SugarCRM is a brilliant CRM (Client Relationship Management) application
that achieved the prestigious award of being SourceForge.net's Project
of the Month during October. SugarCRM is released as a free downloadable
version and an optimised Professional version that is charged for on an
annual per user basis.
Recently vTiger took SugarCRM's source code, stripped the logos, added
an installer and released it as vTiger CRM. I am not a lawyer but it
appears to be legal to do this under the SugarCRM Public Licence (SPL),
which is an adapted version of the Mozilla Public Licence. vTiger then
went further to ensure that they adhere to the SPL by publicly stating
that it is based on SugarCRM code and kept the copyright notices intact.

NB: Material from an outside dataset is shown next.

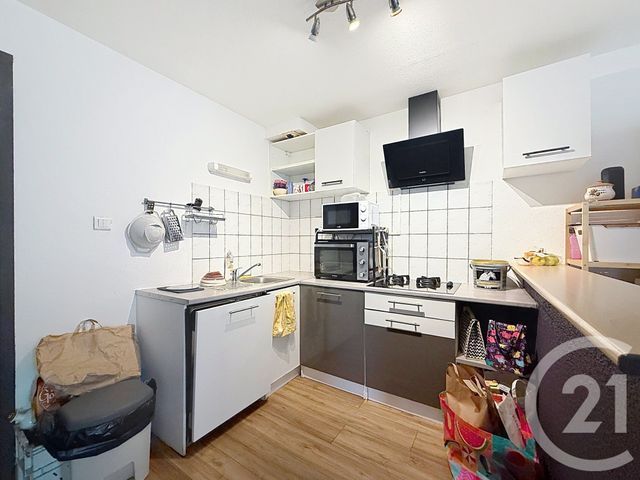 Appartement F3 &agrave; louer - 3 pi&egrave;ces - 69 m2 - Vieux Charmont - 25 - FRANCHE-COMTE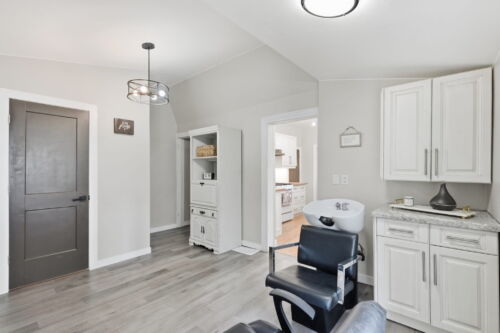 Open property gallery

However, on the launch of vTiger a SugarCRM developer named John (it
later emerged that it was John Roberts a lead SugarCRM developer) placed
the following rant on one of the vTiger forums:
vtiger is a lie - the legal product is called SugarSales from SugarCRM Inc.
We do not think it very cool of you to claim ownership to something you
did not write one line of code for.
Best regards,
The SugarSales development team.
john at sugarcrm.com
Within 3 hours the vTiger Team responded in such a brilliant way that
you must think that it was premeditated. They posted an open letter to
Eric Raymond, President of the Open Source Initiative. vTiger state
their case impeccably in this letter and you can see that they consulted
a lawyer. Apparently SugarCRM also removed their SPL licence (v1.1.2)
from their website but vTiger included a copy in the letter to Raymond.
Forking the source code was ingenious on vTiger’s part, as they became
the guardians of a completely open source project. The funny thing is
that the vTiger community might now grow quicker because they do not
have the conflict of determining which features to place in the free or
paid for version.
vTiger did not just hijack the project but are actively enhancing the
application with added functionality such as an Outlook plug-in, which
is only available as a trial version for the free SugarCRM version.
Interestingly vTiger says that the Outlook plug-in is their contribution
which, if true, might still create a licence conflict.
The question that has to be asked is whether a paid-for and free
business model can co-exist in the open source world. I am sure there
are projects that work successfully on this model but none that I can
think of offhand. You are most probably saying hey what about Red Hat,
but you can download and compile RHEL yourself, such as done by the
White Box Linux project.
This is going to become very interesting feud and I look forward to see
how SugarCRM will counter this. There are many options available to
SugarCRM such as changing their business model or just offering a
superior product and service. Only time will tell.